*Instructions to follow:*
From the line that contains "1 - Downtown" through the line that contains "50 Winchester Rd, Pinehurst, NC 28374", output every line of the listing below exactly and leave out all the rest.

*Input material:*
============================================================
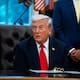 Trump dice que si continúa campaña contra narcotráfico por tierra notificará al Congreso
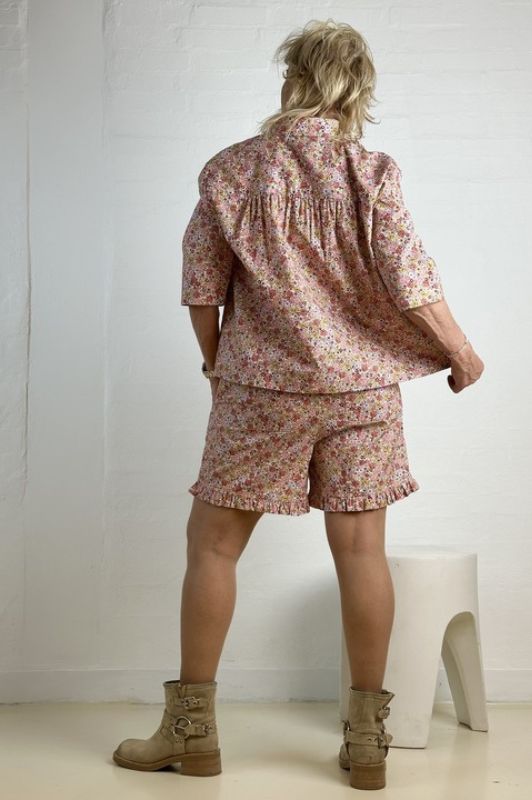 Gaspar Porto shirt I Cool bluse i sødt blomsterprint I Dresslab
============================================================
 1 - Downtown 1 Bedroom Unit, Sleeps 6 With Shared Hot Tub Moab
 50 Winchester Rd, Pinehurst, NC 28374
============================================================
*Worked solution:*
 1 - Downtown 1 Bedroom Unit, Sleeps 6 With Shared Hot Tub Moab
 50 Winchester Rd, Pinehurst, NC 28374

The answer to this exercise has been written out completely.